> **Provided material**
┌──

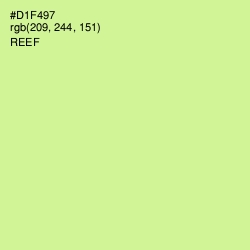 #D1F497 - Reef Color Image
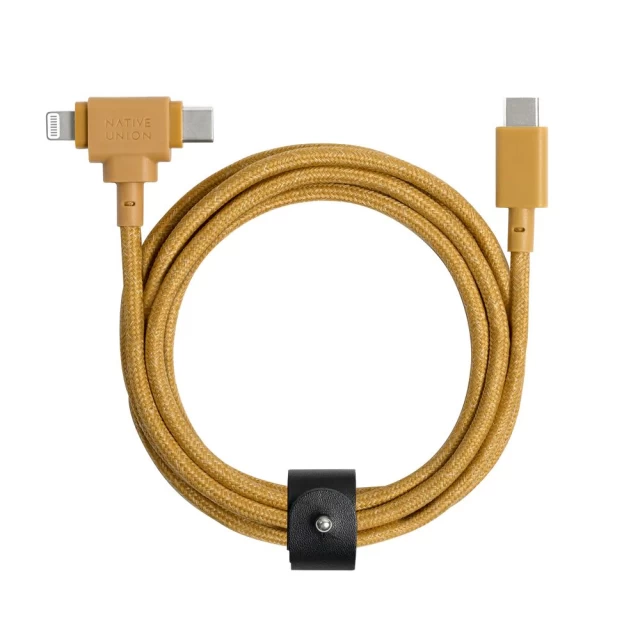 Кабель Native Union Belt Cable Universal USB-C to USB-C/Lightning 1.5 m Kraft (BELT-CCL-KFT-NP)
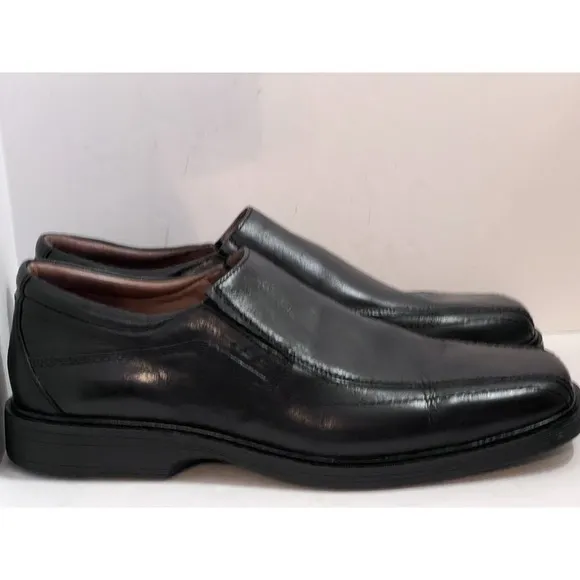 Johnston‎ &amp; Murphy Men's Shoes 15 XW Black Dual Width Waterproof XC4 Sheepskin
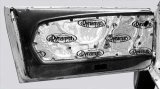 Sound Barrier - Xtreme - Door - Self Adhesive Backing - Aluminum / Rubber - Silver / Black - Ford Mustang 1967-68 - Kit thumbnail 1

└──

Leave out the pictures and retype every line above exactly.

> **Result for this task**
 #D1F497 - Reef Color Image
 Кабель Native Union Belt Cable Universal USB-C to USB-C/Lightning 1.5 m Kraft (BELT-CCL-KFT-NP)
 Johnston‎ &amp; Murphy Men's Shoes 15 XW Black Dual Width Waterproof XC4 Sheepskin
 Sound Barrier - Xtreme - Door - Self Adhesive Backing - Aluminum / Rubber - Silver / Black - Ford Mustang 1967-68 - Kit thumbnail 1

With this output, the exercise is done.